The guidelines for identification of Material Risk Takers (MRT) evolved from being very general in 2009/10 to being more specific when the Regulatory Technical Standard (RTS) was published in 2014.  While there are still areas where discretion could play a role, RTS has in many ways levelled the playing field by providing a set of consistent principles, the lack of which previously led to banks, even comparable banks, having varying number of MRTs. This not only had implications for morale, as MRTs are very sensitive to onerous pay regulations, but also for retention and hiring.  In many respects, uneven playing field defeats the purpose of pay regulation, as employees could leave and go to a competitor, where s/he will not be MRT. There was also a recognition in UK and EU that all MRTs are not equal in terms of their risk impact, which led to creation of additional categories of MRTs with different minimum deferral schedules.

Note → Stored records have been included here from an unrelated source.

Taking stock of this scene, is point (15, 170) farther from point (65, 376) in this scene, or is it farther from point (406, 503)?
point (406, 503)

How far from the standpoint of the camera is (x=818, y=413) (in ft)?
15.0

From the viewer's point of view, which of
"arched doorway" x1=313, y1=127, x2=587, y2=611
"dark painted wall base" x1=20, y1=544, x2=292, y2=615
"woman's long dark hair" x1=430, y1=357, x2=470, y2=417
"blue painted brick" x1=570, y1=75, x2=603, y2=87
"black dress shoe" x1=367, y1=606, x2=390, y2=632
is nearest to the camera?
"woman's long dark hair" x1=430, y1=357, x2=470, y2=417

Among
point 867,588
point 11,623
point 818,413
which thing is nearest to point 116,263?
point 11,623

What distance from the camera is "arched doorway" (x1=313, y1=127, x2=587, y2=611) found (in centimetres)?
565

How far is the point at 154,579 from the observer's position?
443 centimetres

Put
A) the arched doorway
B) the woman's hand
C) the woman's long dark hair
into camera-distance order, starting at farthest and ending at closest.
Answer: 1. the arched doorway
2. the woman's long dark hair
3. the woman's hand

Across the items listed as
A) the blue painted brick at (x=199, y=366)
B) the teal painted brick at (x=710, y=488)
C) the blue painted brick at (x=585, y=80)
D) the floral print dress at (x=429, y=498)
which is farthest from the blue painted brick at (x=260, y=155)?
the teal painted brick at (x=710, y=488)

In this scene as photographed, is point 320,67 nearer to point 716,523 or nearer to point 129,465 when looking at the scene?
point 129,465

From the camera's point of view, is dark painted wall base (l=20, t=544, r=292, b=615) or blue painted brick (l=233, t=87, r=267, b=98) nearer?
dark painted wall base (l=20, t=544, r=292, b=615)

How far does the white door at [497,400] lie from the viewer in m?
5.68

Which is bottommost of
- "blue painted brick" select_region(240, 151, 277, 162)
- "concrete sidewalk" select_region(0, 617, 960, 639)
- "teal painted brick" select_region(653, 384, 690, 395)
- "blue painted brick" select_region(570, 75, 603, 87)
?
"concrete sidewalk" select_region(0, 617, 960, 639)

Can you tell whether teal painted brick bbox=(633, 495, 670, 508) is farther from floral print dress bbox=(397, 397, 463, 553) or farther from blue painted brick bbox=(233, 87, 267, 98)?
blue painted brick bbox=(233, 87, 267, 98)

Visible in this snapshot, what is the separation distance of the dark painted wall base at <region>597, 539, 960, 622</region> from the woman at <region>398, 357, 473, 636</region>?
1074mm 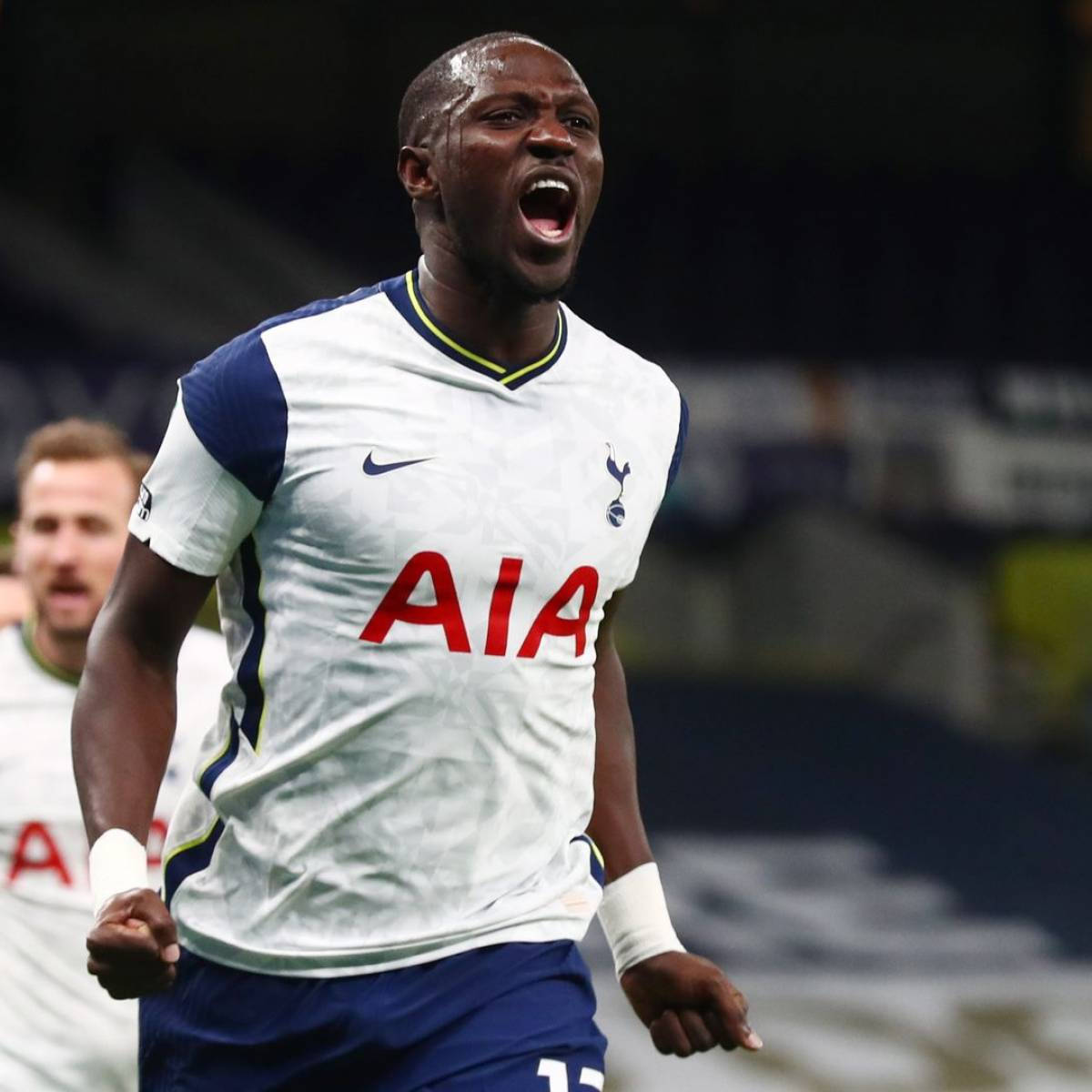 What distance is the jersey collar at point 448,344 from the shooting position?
249 centimetres

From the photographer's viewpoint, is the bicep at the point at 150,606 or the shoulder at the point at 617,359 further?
the shoulder at the point at 617,359

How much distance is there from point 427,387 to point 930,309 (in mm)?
12174

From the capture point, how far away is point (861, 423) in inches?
450

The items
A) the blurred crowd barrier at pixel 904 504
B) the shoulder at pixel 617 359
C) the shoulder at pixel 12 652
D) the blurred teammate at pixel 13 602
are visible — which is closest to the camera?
the shoulder at pixel 617 359

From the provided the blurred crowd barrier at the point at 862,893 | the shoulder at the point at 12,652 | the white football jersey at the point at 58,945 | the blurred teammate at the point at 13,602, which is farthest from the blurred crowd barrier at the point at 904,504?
the white football jersey at the point at 58,945

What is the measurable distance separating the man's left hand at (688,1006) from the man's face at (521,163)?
2.56 ft

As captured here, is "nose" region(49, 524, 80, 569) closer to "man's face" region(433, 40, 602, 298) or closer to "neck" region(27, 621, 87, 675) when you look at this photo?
"neck" region(27, 621, 87, 675)

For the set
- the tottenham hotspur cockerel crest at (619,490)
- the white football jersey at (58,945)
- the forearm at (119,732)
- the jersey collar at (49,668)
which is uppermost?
the tottenham hotspur cockerel crest at (619,490)

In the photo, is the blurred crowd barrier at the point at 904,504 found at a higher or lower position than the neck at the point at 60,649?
lower

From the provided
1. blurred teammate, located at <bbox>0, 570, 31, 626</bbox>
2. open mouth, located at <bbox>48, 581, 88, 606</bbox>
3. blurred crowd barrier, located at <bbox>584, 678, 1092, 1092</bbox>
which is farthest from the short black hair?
blurred crowd barrier, located at <bbox>584, 678, 1092, 1092</bbox>

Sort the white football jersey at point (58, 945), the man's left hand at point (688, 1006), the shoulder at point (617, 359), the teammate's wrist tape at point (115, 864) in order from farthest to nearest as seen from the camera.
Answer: the white football jersey at point (58, 945) < the shoulder at point (617, 359) < the man's left hand at point (688, 1006) < the teammate's wrist tape at point (115, 864)

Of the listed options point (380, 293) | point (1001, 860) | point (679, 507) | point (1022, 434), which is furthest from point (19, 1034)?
point (1022, 434)

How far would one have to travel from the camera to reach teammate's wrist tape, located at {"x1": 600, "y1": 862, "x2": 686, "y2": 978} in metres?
2.62

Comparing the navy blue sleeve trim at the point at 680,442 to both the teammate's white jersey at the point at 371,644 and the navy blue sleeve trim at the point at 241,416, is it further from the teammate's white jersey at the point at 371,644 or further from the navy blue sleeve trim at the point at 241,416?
the navy blue sleeve trim at the point at 241,416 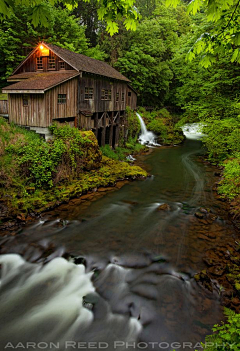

The proposed RBI guidelines seem to be very general, and it is likely that they will create an uneven playing field.

2.2.2. Pay structures to reflect risk profile

While the regulations expected firms to design pay-structures in a way that reflected the nature and time-horizon of risks with minimum mandated requirements for the MRTs, achievement of be-spoke risk aligned structures proved difficult in practice. Apart from the fact that it is difficult to design an all-encompassing risk-based pay structure, there was also the issue of uneven playing field, which essentially encouraged firms to apply the minimum standards expected, as anything more onerous than the minimum required would make talent retention, hiring and even employee morale management a difficult challenge.  This was perhaps aptly labelled as “first mover disadvantage”.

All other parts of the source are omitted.